**TASK DIRECTIONS:**
Pictures do not belong in the copy. Output exactly the lines from the one containing "Water's Edge Custom" to the end of the listing below.
· · · ·
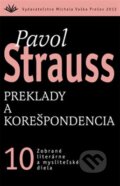 Kniha: Preklady a korešpondencia (10) (Pavol Strauss). Vydavateľstvo Michala Vaška, 2012 Kniha: Preklady a korešpondencia (10) (Pavol Strauss). Vydavateľstvo Michala Vaška, 2012
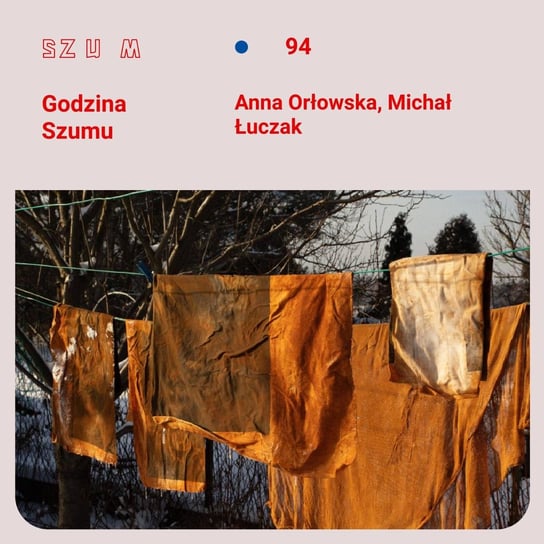 #94 Anna Orłowska, Michał Łuczak - Godzina Szumu - podcast Plinta Karolina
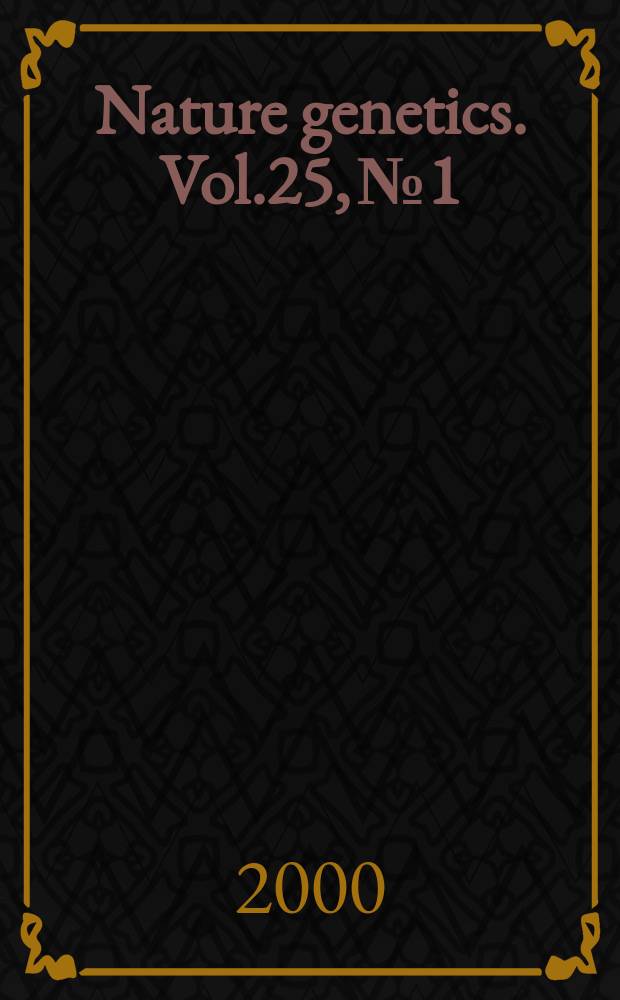 Nature genetics. Vol.25, №1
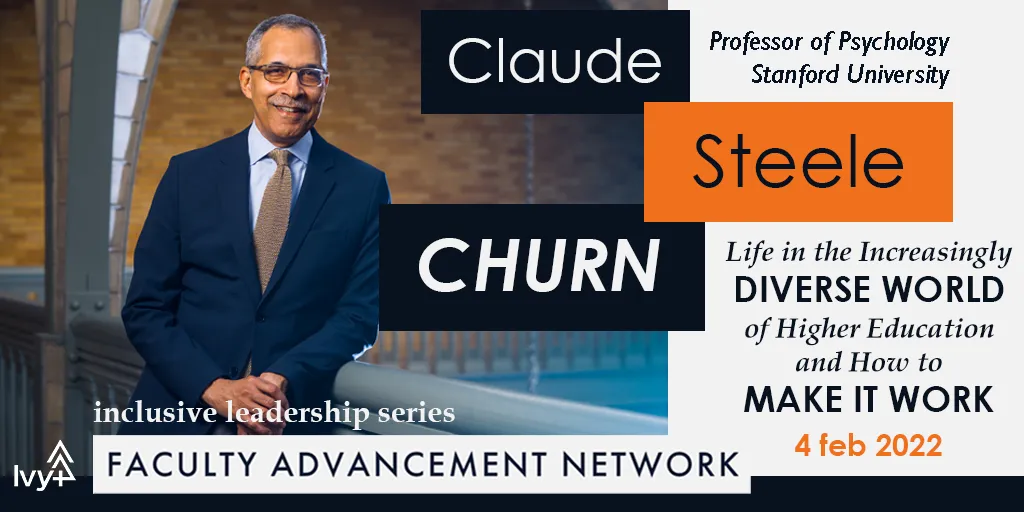 Photo of Claude Steele with text Churn: life in teh increasingly diverse world of higher education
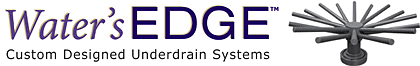 Water's Edge Custom Designed Underdrain Systems - SWT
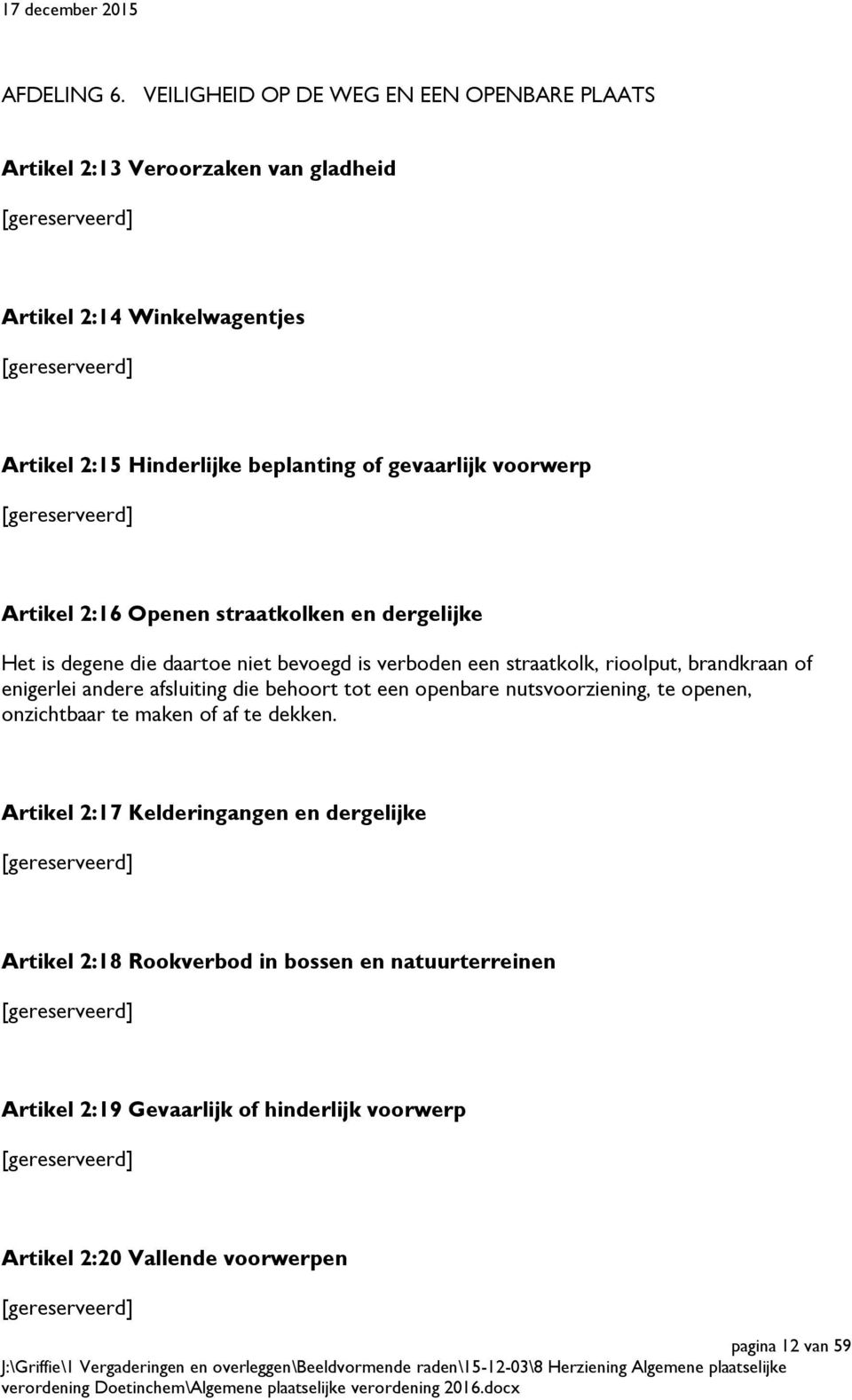 gevaarlijk voorwerp Artikel 2:16 Openen straatkolken en dergelijke Het is degene die daartoe niet bevoegd is verboden een straatkolk, rioolput, brandkraan of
· · · ·
**EXERCISE OUTPUT:**
 Water's Edge Custom Designed Underdrain Systems - SWT
 gevaarlijk voorwerp Artikel 2:16 Openen straatkolken en dergelijke Het is degene die daartoe niet bevoegd is verboden een straatkolk, rioolput, brandkraan of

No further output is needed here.